Poirot Investigates (1924) by Agatha Christie. It's been said that Arthur Conan Doyle should have stuck to writing short stories and Agatha Christie should have stuck to novels. The mysteries are too complex, people claim, to work in a 4,000 word format. Maybe. This was Christie's first collection of stories, originally published in the trendy Sketch magazine and featuring Hercule Poirot, who was becoming a household name. Poirot's on top form here, and the faithful Captain Hastings is wonderfully idiotic. Christie is still trying to write like Doyle, which can be grating. But 'The Mystery of Hunter's lodge' is melodramatic and keyed in, satirically, to debates around psychoanalysis. 'The Adventure of the Egyptian Tomb' is full of entrancing period detail.

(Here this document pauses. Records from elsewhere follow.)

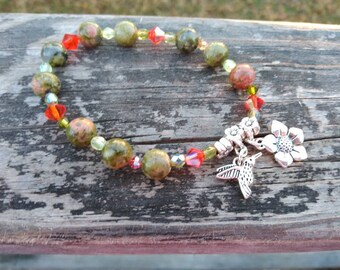 May include: A green, red, and clear gemstone bracelet with a silver hummingbird and flower charm.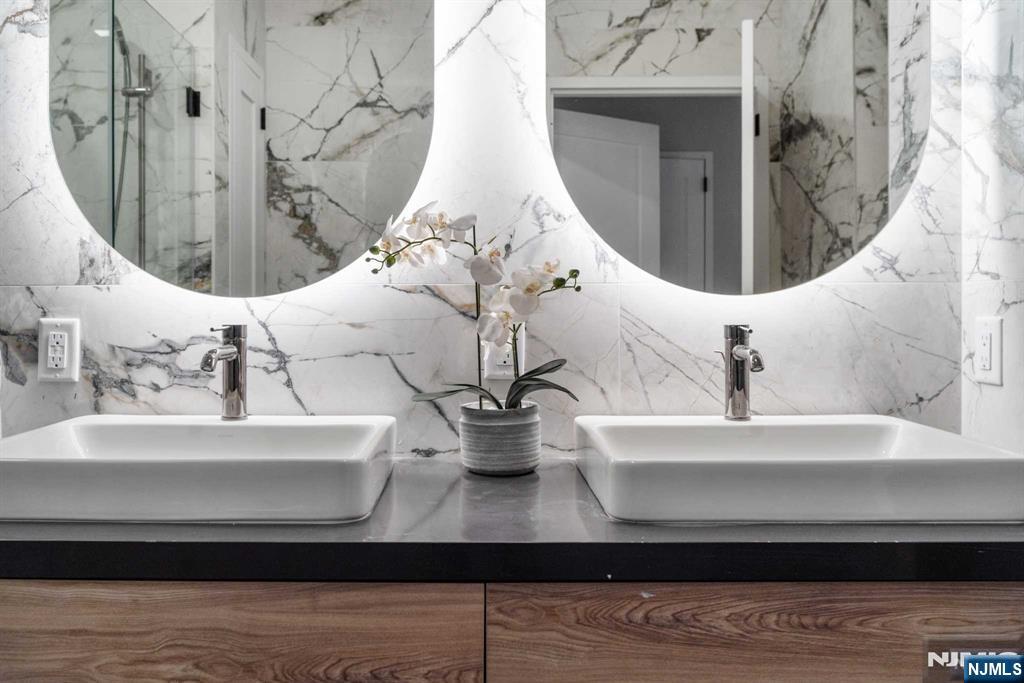 7101 River Road, Unit 304A North Bergen, NJ 07047 - Photo 12 of 24 a bathroom with a sink mirror and vanity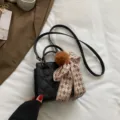 Schicke schwarze gesteppte Handtasche mit Plüsch-Bommel und Schal, modische Umhängetasche. - Schwarz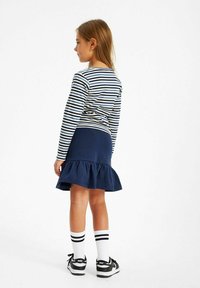 Randig långärmad skjorta i marinblått och vitt, i kombination med en mörk marinblå kjol med utsvängd nederkant. Vita strumpor med svarta ränder och svarta sneakers.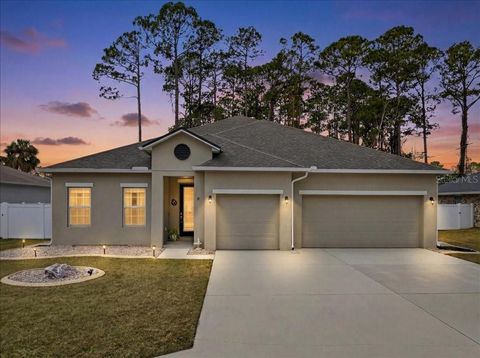 Photo of 41 Boulder Rock Dr, Palm Coast, FL 32137 (MLS # FC316322)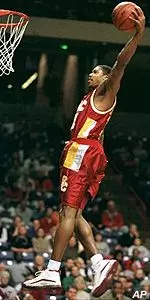 Jeff Trepagnier gets up for a slam dunk in the Trojans easy win over Washington State Thursday night.
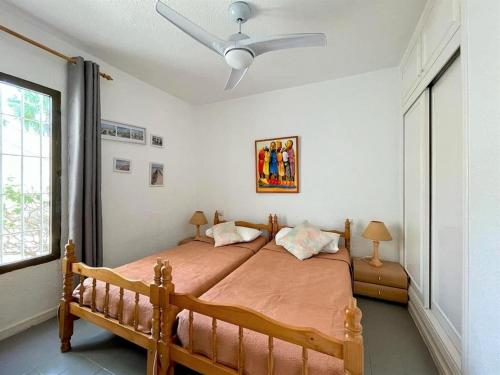 a bedroom with a bed with a ceiling fan at Inviting holiday home in Roquetas de Mar with terrace in Roquetas de Mar
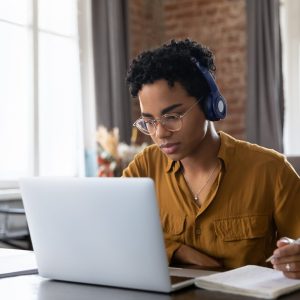 the photo shows a young woman who is wearing headphones and looking at her laptop screen while holding her pen above her note book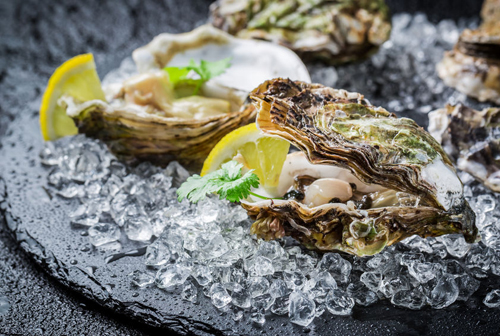 Oysters with lemon on plate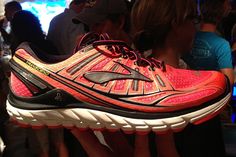 a pair of running shoes on display in a crowded room with people looking at them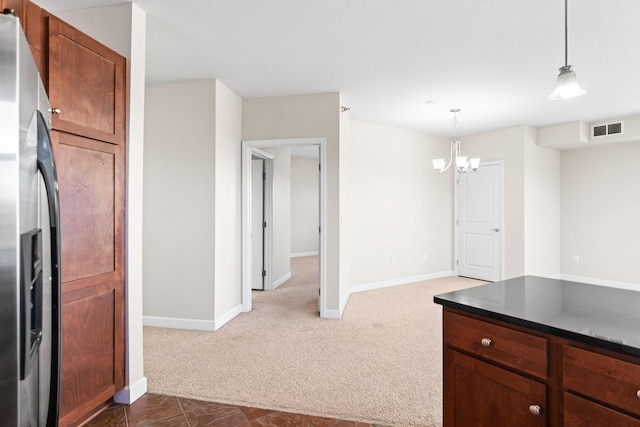 kitchen featuring decorative light fixtures, a notable chandelier, dark carpet, and stainless steel fridge with ice dispenser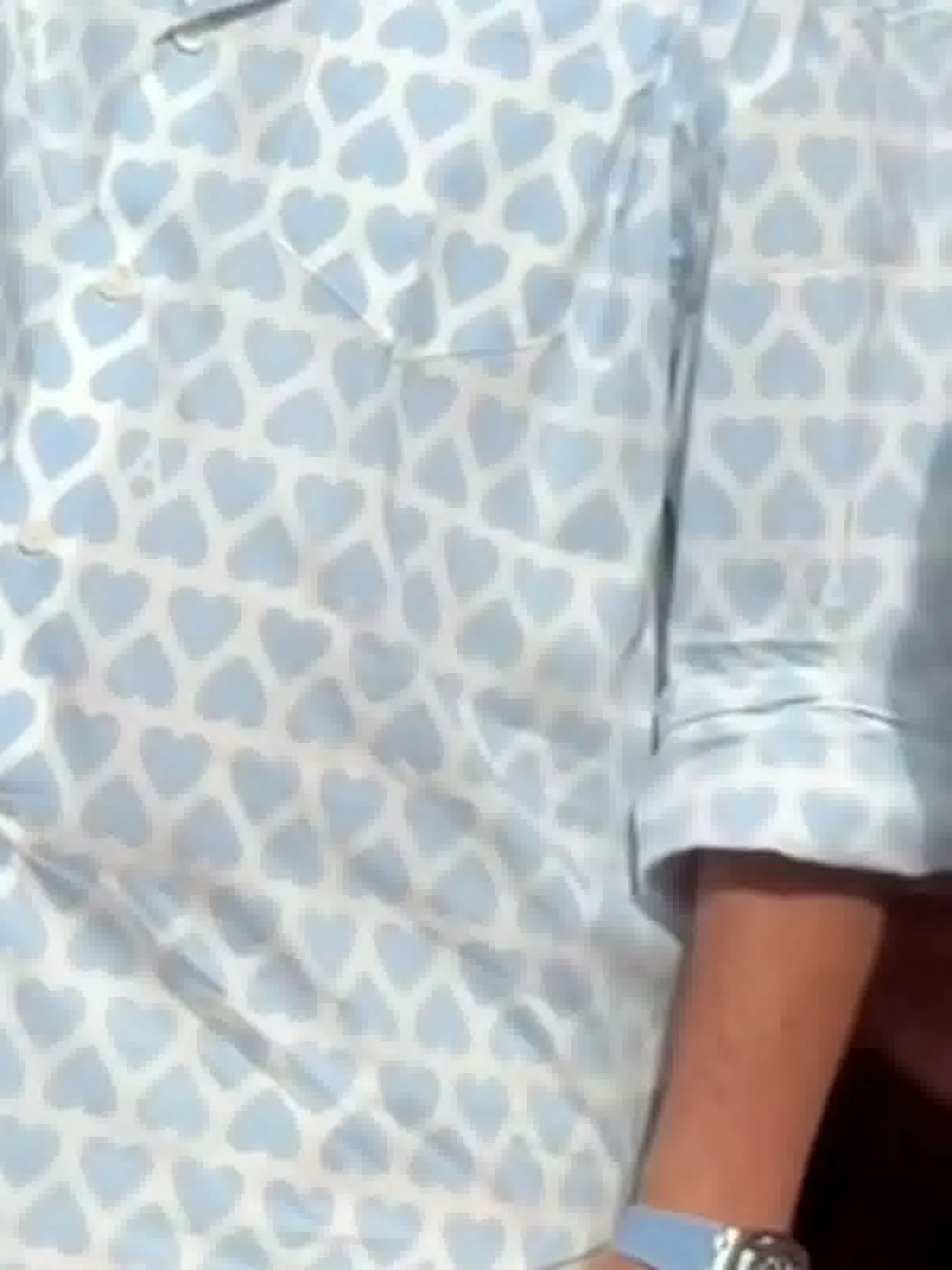 Mammootty — The patch pocket at the left chest, the tonal cream buttons, and the deep roll he has put in the long sleeve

Raffles' Crime in Gibraltar (1936) by Barry Perowne. Perrowne, a pseudonym for Philip Atkey, was appointed by the estate of E.W. Hornung to write new novels and stories featuring gentleman thief A.J. Raffles. This is one of his two novels pitting Raffles against the ever-popular poor man's Sherlock Holmes, Sexton Blake. Raffles' Crime in Gibraltar is par-for-the course pulp. It's enjoyable enough, with obvious padding in places... and cigarettes are lit whenever dialogue needs breaking up. Full of sinister foreigners and implausible chases, it is forgettable. As it was designed to be.

Endless Night (1967) by Agatha Christie. A masterpiece. A psychological thriller, a literary novel, and everything they say she couldn't write. It's hard to believe Christie was 77 when Endless Night came out. Slap a random name on the cover, change a few details, and release it to day: it would become an instant bestseller and then a classic in its own right.

Monk's Hood (1980) by Ellis Peters. 'It was now imperative to find the murderer, otherwise the boy could not emerge from hiding and take up his disrupted life.' The third Brother Cadfael novel features a mysterious poisoning. Try as I might, I cannot get into these books. The writing style fails to engage me, although I have enjoyed some of Peters' short stories, historical or otherwise. However, I shan't be giving Cadfael another chance any time soon.

The Actor's Guide to Murder (2003) by Rick Copp. A mostly fun, campy crime novel about a former child star in Hollywood and his police detective boyfriend solving another former child star's murder. They are put onto the case by the main character's personal psychic warning that someone close to him will die. Reading it, I developed two theories as to whodunit: one was based on logic and the other on the least-likely-suspect theory. The latter was correct. The solution tries to veer into social commentary which is, perhaps, a mistake, as the author is not as informed on the issues as the glamorous setting. Also, a reference to 'an Agatha Christie pot-boiler' irritated me! But I plan to read the second in the series, The Actor's Guide to Adultery.